The wide backing for jury nullification at the time of the Revolution was predicated precisely on the recognition that the colonies were in a proto-revolutionary situation, in which the very basis of authority was under question.
June 8, 2006 12:28 PM | Reply | Permalink
The widespread *opposition* to jury nulification today, is predicated on the opinion of lawyers that only lawyers should exercise any real power in a courtroom. Basicly, they find the right to trial by jury offensive, and lacking any real prospect of abolishing it, they've set out to render it toothless by a combination of jury selection and treating the jurors like mushrooms.
Yes, the point of having juries is to enable juries to prevent the enforcement of laws they don't like, whether in general, or in a specific application. If you think that's a bad idea, lobby for repeal of the 6th and 7th amendments.
June 8, 2006 1:56 PM | Reply | Permalink
I disagree. If Julian Sanchez disagrees with a law, he DOES have a moral obligation to work to change it through the democratic process: he can engage in protest, political activism, lobbying, voting, persuasion, writing, etc. etc.
But part of the compact of people living together in a society, part of what each of us is agreeing to when we accept the benefits of being an American citizen, is that we will respect the democratic process enshrined in the constitution and the laws established through that process. By disobeying the law, one undermines the very process that gives him the right to try to change it.
Now, there are some instances when a person's conciense will not allow him or her to follow the law at all. In those cases, he or she must disobey the law, but must also accept the consequences of those actions.
In Julian's case, the consequence of his commitment, as a potential jury member to disobeying laws about nonviolent drug crimes is that he cannot serve on a jury in such a case.

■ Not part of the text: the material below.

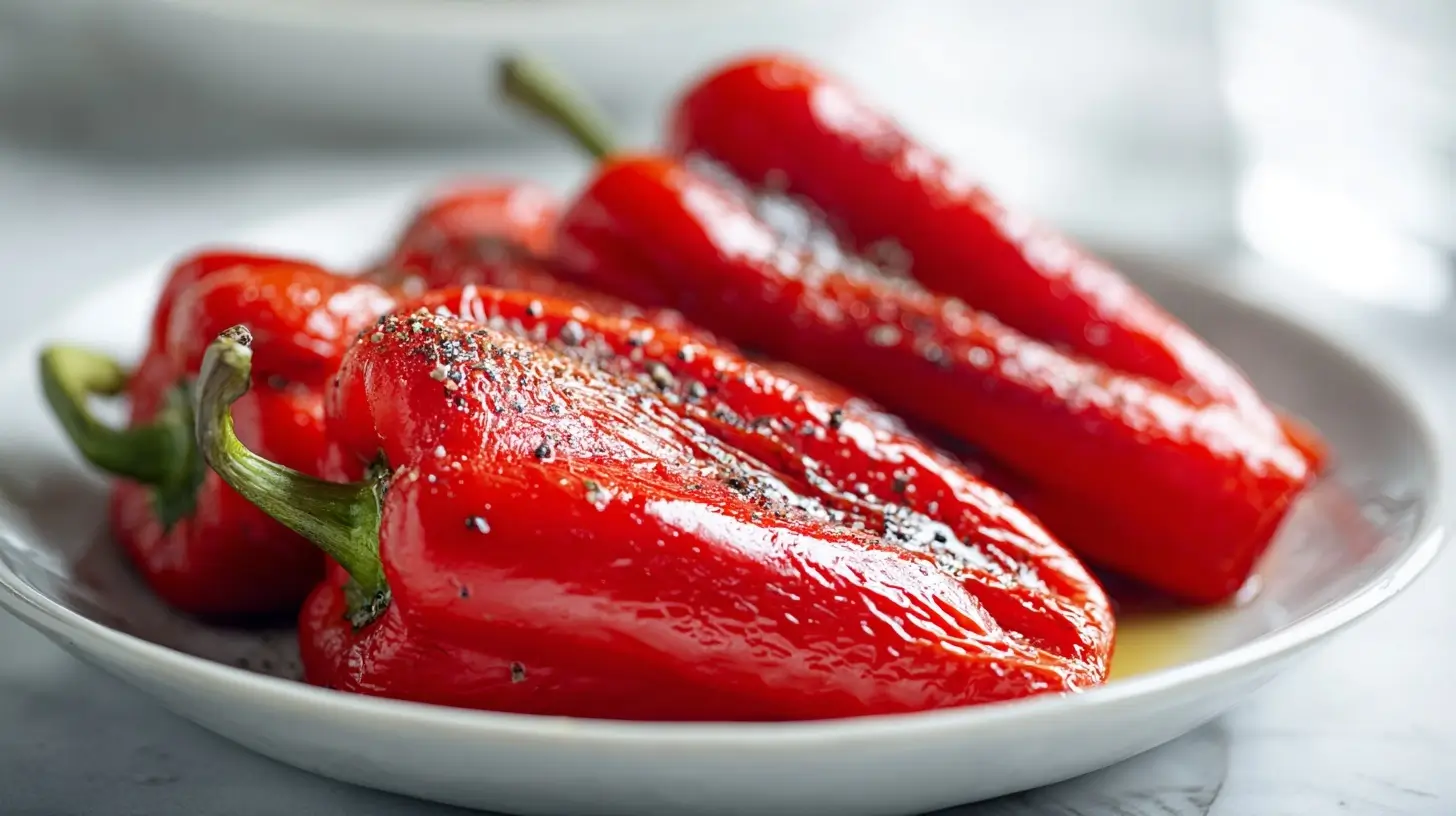 Deliciosos pimientos asados en freidora de aire, una receta fácil y saludable.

June 8, 2006 2:31 PM | Reply | Permalink
Your comparison with colonial America is fundamentally flawed. Since the colonies had no say in Parliament they had no voice in the laws they were being asked to enforce. In such a case jury nullification may be justified. However ridiculous our drug laws are they have been enacted by a representative government. Jury nullification also nullifies the basic social contract.

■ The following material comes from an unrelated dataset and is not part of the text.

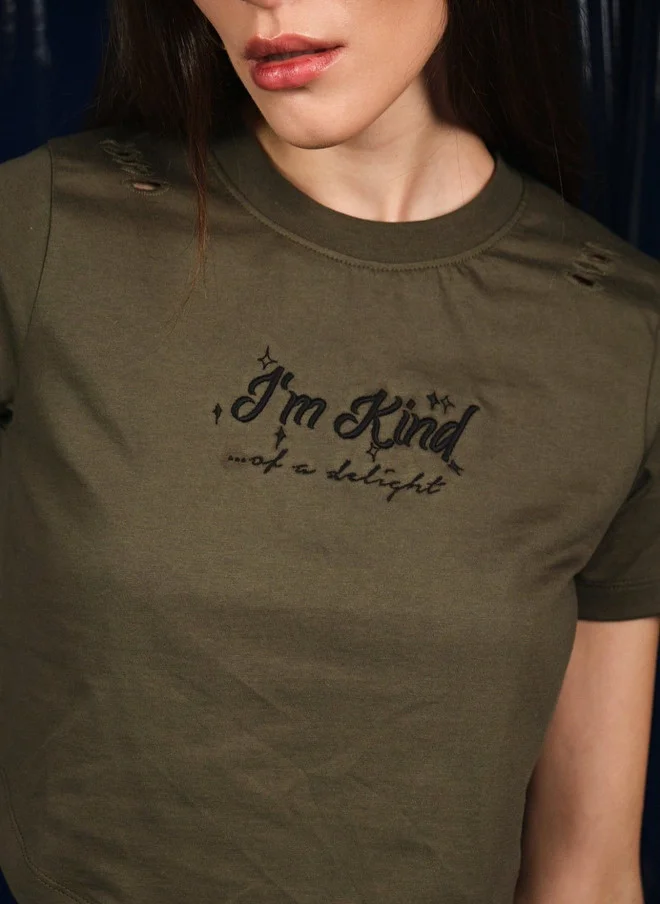 Virgio Virgio Women Typography Printed Crop Cotton T-shirt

June 8, 2006 5:42 PM | Reply | Permalink
No, jury nulification, which predates both the Articles of Confederation and the Constitution by a century or more, was *part* of that basic social contract.
June 8, 2006 6:24 PM | Reply | Permalink
It's one thing for an entire jury to stand pat and refuse to indict John Wilkes and go to jail for their actions. It's another thing for one jury member to argue that the facts aren't as eleven others view them not because of an honest belief but rather because the obstruction will yield the result the jury member wants.

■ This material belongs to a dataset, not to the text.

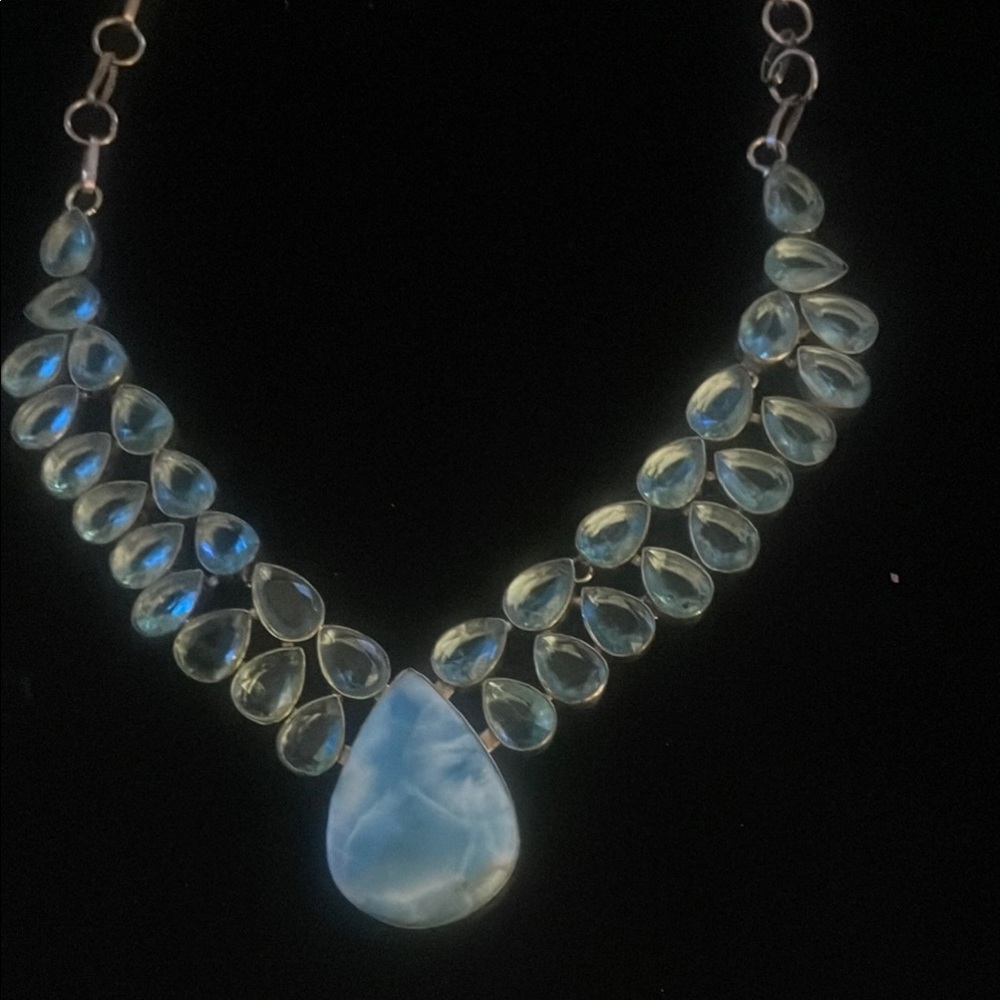 Price Drop Statement pc Larimar Large Stone Blue Topaz Elegant with .925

June 8, 2006 6:36 PM | Reply | Permalink
But, again, you can't stop somebody from doing that, without handing the government the power to punish jurors for not voting to convict. How do you distinguish genuine conviction that a case hasn't been made, from nulification?
And how do you prevent the government from TREATING genuine conviction as though it were nulification, because it finds a verdict inconvenient?
No, the simple fact is that the Bill of Rights not incidently, but *deliberately*, protects the right of jury nulification. And it may take one courageous holdout to protect an innocent from 11 people who just want to go home.
June 8, 2006 7:40 PM | Reply | Permalink
As a couple of people have said, you can't glibly come to a conclusion about jury nullification unless you consider the example of southern juries during the civil rights era. Jury nullification is spoken of here as if it were always a protection against government overreaching, but during that era it increased the power of oppressive governments to encroach on the rights of minorities. It led to lawlessness not only in the jury box, but in society at large. How so? Because any public official who violated the rights of blacks could count on being cleared of any criminal or civil charges. Even murderers got off. It isn't a case of the "odd nut" when majority prejudices are that entrenched. And isn't it a little ridiculous to say that we shouldn't be concerned about how other people would abuse the rights we assert for ourselves? For instance, most of us accept limits on our right to free expression -- no right to falsely yell "fire" in a crowded theater and all that -- even when we trust ourselves not to abuse the right.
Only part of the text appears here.